[EXERCISE OBJECTIVE]: Below are some records. Print exactly the lines between the one holding "lot 72 image: Lot of Vintage Pinbacks" and the one holding "10157 River Dr, Biloxi, MS 39532", inclusive, and nothing else.

[INFORMATION GIVEN]:
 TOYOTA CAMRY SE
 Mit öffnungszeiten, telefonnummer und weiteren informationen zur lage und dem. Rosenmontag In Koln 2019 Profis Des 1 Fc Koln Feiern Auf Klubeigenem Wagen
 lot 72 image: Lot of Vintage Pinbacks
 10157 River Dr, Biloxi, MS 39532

---

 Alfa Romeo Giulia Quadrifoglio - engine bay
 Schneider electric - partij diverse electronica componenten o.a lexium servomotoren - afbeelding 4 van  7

[TASK SOLUTION]:
 lot 72 image: Lot of Vintage Pinbacks
 10157 River Dr, Biloxi, MS 39532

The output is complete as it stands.